Jesus inaugura uma nova libertação, não política-partidária, mas uma libertação dos olhos e da vida plasmada pelo amor extremado, capaz de transformar escravos, servos e marginalizados em comensais da mesa de Deus, na mesa da vida eterna, pela partilha do pão e do vinho que consagrados se transformam no corpo e no sangue da nova e eterna aliança, a aliança da vida eterna.
           
Meus irmãos,

Jesus institui a Eucaristia como memória do seu ministério e da sua vida: Pegando o pão diz que: “Tomai, todos, e comei: Isto é o meu Corpo, que será entregue por vós”. E, pegando o pão, diz que: “Tomai, todos, e bebei: Este é o Cálice do Meu Sangue, o Sangue da Nova e Eterna Aliança, que será derramado por vós e por todos, para a Remissão dos Pecados. Fazei isto em memória de Mim!”

Não apenas transforma o pão em seu corpo, não só transubstancia o vinho em seu sangue, mas o reparte com os Apóstolos, reparte com eles o pão feito carne sua, o vinho feito sangue seu para que, alimentandos da divindade, eles, homens mortais, recebessem a imortalidade; eles homens desgraçados e oprimidos, recebem a graça da libertação que abrange, sim, a libertação social e política, mas vai muito além, porque concede aquilo que mais tarde São Paulo chamou de “liberdade gloriosa dos filhos de Deus”(cf. Rm 8,21).
Jesus, ao mesmo tempo, institui o sacerdócio ministerial, exatamente para celebrar e presidir a Eucaristia e tornar o Seu Corpo e o Seu Sangue perenemente presente renovando a história da Salvação na humanidade. Os padres nasceram e foram gerados nesta noite santa em que Jesus institui a Eucaristia e instituiu o ministério presbiteral.

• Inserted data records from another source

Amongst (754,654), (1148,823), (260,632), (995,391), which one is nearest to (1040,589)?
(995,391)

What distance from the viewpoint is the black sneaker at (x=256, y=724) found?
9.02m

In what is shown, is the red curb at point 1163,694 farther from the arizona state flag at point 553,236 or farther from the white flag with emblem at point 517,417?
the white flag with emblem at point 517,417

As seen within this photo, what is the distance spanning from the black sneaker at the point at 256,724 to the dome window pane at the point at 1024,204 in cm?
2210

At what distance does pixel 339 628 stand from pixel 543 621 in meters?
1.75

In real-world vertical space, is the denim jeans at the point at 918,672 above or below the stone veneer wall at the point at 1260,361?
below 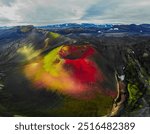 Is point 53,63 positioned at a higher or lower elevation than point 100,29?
lower

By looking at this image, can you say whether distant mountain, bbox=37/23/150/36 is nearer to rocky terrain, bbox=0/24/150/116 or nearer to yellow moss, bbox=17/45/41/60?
rocky terrain, bbox=0/24/150/116

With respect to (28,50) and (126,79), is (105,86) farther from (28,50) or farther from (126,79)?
(28,50)

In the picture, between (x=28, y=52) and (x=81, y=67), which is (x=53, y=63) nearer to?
(x=81, y=67)

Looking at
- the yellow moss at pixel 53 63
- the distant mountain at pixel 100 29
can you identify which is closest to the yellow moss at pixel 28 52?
the yellow moss at pixel 53 63

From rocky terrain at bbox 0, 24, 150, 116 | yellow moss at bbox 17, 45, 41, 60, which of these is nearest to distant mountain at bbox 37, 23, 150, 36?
rocky terrain at bbox 0, 24, 150, 116

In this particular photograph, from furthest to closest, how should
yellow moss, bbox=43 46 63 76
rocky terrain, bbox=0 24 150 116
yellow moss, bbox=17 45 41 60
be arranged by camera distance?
yellow moss, bbox=17 45 41 60 → yellow moss, bbox=43 46 63 76 → rocky terrain, bbox=0 24 150 116

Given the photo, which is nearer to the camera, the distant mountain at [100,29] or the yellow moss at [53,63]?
the yellow moss at [53,63]

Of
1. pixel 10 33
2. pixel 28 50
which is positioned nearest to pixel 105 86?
pixel 28 50

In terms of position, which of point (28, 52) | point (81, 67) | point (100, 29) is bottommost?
point (81, 67)

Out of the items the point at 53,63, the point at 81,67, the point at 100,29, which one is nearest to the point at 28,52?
the point at 53,63

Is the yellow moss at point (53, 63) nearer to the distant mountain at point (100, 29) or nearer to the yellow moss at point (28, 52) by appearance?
the yellow moss at point (28, 52)

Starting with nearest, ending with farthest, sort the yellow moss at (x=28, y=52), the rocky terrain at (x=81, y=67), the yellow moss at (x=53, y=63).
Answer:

O padre e a eucaristia são irmãos gêmeos, nascidos do mesmo gesto de amor e ao mesmo tempo. Ministério do padre que é intimamente ligado a Eucaristia e que ilumina toda a vida sacramental e sacramentaria.
A Eucaristia é um Deus-amor que se dá. O sacerdote, como a própria palavra o diz, é um dom de Deus para o povo. E foi para marcar esta doação de Deus e do padre, que Jesus, nesta noite de Quinta-Feira santa, quebrou novamente o ritual da ceia pascal judaica. Cingiu uma toalha e pôs-se a lavar os pés dos Apóstolos. Gesto proibido aos mestres. Gesto proibido aos senhores. Gesto proibido até mesmo aos escravos. O Evangelista João, que encheu, de forma muito densa, todo capítulo sexto do seu Evangelho com o mistério eucarístico, na última Ceia destaca o exemplo do lava-pés, de profunda doação e partilha.
Pedro pede que além de lavar os pés sejam lavadas as mãos e a cabeças. O filho de Deus lavou os pés de todos eles, acrescentando: “Também vós deveis lavar-vos os pés uns dos outros”. O que vem a ser isso? Realmente significa que devemos perdoar dos pés a cabeça, sem nenhum respeito humano.

A Igreja católica, comunidade de amor, alimentada e expressa pela Eucaristia e animada pelos ministros ordenados, nasce do mistério pascal de Cristo. Neste noite Jesus é entregue e entrega-se aos discípulos como Corpo dado e Sangue derramado, antecipação de sua total entrega ao Pai. Poderíamos dizer que na Quinta-Feira Santa a Comunidade eclesial celebra o mistério da Igreja nascida do mistério pascal de Cristo.

Esta liturgia deve fazer penetrar em nós, por seu rito e pela palavra que o explica, o sentido salvífico da Cruz de Cristo, no sentido de que o cristão, aceitando o esvaziamento de Jesus por nós e associando-se a seu modo de viver e morrer entra na comunhão eterna com ele e com o Pai, Amém!